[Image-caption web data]
************

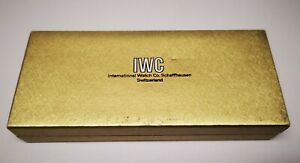 【送料無料】腕時計　ヴィンテージウォッチボックスケースiwc vintage uhrenbox etui aus den 70 er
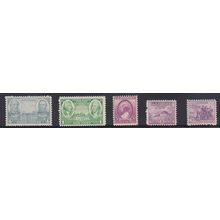 727 3c Washington's Hdqs Average Plus MNH VA0640d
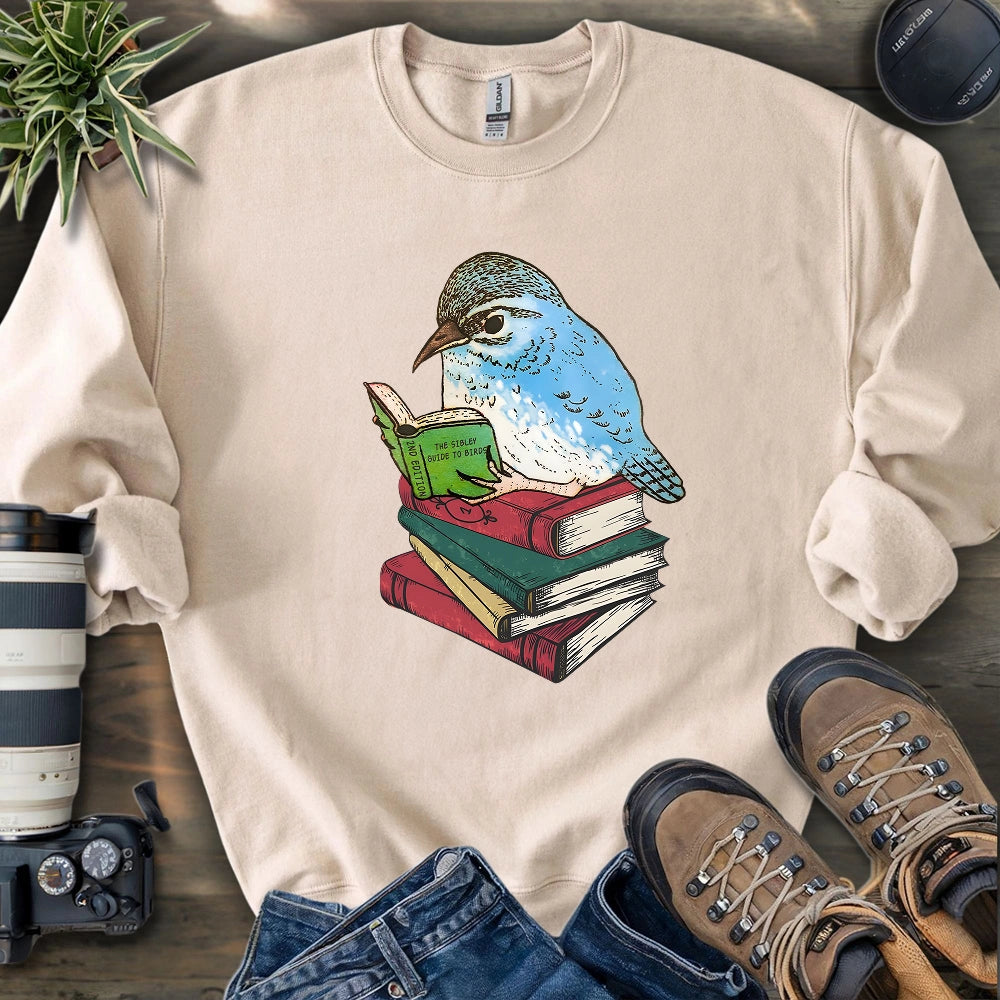 Sibley Guide To Birds Sweatshirt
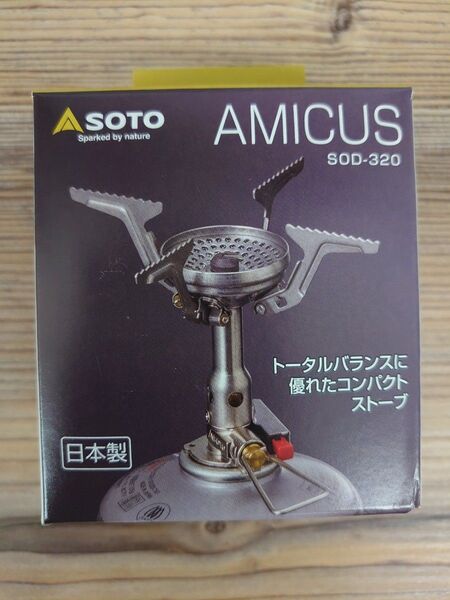 SOTO (新富士バーナー)、アミカス、新品未開封、送料込み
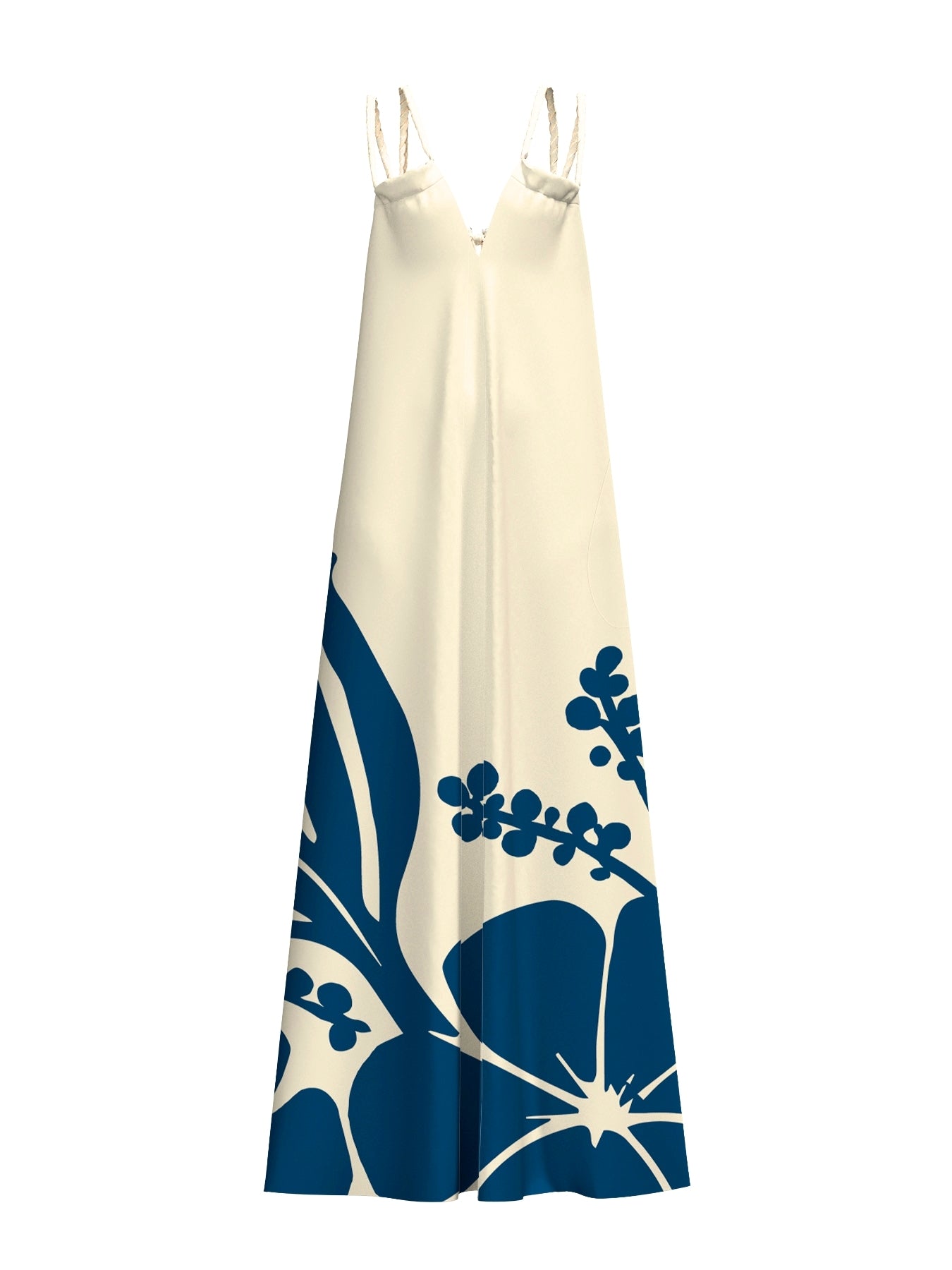 Jwana Dress - Ula Navy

************

# Work instructions:
What is wanted is a word-for-word restatement of the entries, without their images.

# Answer:
 【送料無料】腕時計　ヴィンテージウォッチボックスケースiwc vintage uhrenbox etui aus den 70 er
 727 3c Washington's Hdqs Average Plus MNH VA0640d
 Sibley Guide To Birds Sweatshirt
 SOTO (新富士バーナー)、アミカス、新品未開封、送料込み
 Jwana Dress - Ula Navy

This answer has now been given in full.